Journal of cognition – January 01, 2025
Source: PubMed
Summary
Our conscious experiences don't always match what's happening in our minds. This fascinating insight challenges how we understand memory and awareness. Research shows that while we may feel confident about a memory or experience déjà vu, the brain processes behind these feelings often operate independently from our conscious awareness. This disconnect appears in various memory phenomena, from metacognitive judgments to recognition confidence, revealing that our subjective experiences can be surprisingly unreliable guides to our cognitive processes.
Abstract
The Doctrine of Concordance is the implicit assumption that cognitive processes, behavior, and phenomenological experience are highly correlated (Tulving, 1989). Tulving challenged this assumption, pointing to domains in which conscious experience did not accompany a particular measured cognitive process and to situations in which consciousness did not correlate with the observable behavior. Schwartz (1999) extended this view, asserting that the underlying cognitive processes that produce conscious experience may differ from those that produce observable behavior.

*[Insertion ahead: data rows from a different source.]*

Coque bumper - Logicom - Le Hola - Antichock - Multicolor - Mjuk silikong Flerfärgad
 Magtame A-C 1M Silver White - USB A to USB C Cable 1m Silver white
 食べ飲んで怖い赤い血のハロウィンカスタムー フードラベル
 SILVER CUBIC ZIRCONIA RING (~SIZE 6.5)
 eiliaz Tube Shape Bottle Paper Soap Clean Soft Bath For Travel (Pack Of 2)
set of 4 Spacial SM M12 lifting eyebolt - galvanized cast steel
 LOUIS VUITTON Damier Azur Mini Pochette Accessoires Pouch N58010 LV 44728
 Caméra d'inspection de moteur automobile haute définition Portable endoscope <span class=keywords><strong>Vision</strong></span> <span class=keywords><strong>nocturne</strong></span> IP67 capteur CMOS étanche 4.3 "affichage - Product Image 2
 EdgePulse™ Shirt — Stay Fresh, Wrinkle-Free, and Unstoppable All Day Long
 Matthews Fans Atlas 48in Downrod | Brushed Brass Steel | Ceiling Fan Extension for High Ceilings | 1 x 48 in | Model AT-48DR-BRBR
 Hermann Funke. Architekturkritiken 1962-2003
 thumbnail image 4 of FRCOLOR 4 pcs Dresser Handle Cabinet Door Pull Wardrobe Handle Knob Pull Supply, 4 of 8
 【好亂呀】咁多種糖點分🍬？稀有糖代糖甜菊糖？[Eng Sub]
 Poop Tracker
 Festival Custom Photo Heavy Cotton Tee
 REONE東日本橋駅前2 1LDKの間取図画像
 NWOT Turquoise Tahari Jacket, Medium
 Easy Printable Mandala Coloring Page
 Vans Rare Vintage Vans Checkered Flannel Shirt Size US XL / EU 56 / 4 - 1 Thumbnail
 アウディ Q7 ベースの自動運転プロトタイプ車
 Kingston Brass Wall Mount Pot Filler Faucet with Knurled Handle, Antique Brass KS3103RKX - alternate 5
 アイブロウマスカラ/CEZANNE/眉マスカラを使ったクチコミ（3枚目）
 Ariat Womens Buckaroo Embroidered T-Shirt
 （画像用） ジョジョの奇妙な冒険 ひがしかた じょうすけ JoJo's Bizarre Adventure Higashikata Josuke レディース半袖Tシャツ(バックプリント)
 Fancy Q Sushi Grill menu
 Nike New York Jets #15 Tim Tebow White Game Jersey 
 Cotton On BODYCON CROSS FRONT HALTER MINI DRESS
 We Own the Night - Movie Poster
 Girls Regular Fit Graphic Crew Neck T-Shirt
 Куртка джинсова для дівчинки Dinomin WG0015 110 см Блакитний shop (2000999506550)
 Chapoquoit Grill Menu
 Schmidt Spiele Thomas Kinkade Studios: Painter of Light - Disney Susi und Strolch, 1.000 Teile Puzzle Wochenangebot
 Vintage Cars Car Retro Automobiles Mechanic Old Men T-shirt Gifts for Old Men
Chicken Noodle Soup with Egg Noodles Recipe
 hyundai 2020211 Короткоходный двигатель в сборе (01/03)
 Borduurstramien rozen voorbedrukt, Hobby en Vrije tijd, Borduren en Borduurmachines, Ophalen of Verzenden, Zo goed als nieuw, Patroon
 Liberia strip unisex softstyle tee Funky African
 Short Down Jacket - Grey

Though research on conscious experience blossomed during the last quarter century and progress has been made in moving past the Doctrine of Concordance, we argue that some subdomains within memory research remain hampered by an implicit endorsement of it. We outline two areas of memory research in which current research and interpretations appear to fall prey to the Doctrine today: research on the dual- vs. single-process theory in recognition memory, including work on remember/know judgments, and research on retrospective memory confidence. We then describe four areas of research that show progress in understanding conscious experience by rejecting the Doctrine of Concordance: These are 1) metacognitive disconnects in the science of learning, 2) recognition illusions, 3) déjà vu experiences, and 4) aha experiences. We claim that there is often a dissociation between the mechanisms that create conscious experience and the underlying cognitive processes that contribute to behaviors, which may seem causally correlated with conscious experience. Disentangling the relations between process, behavior, and conscious experience in the human mind's operation are important to understanding it.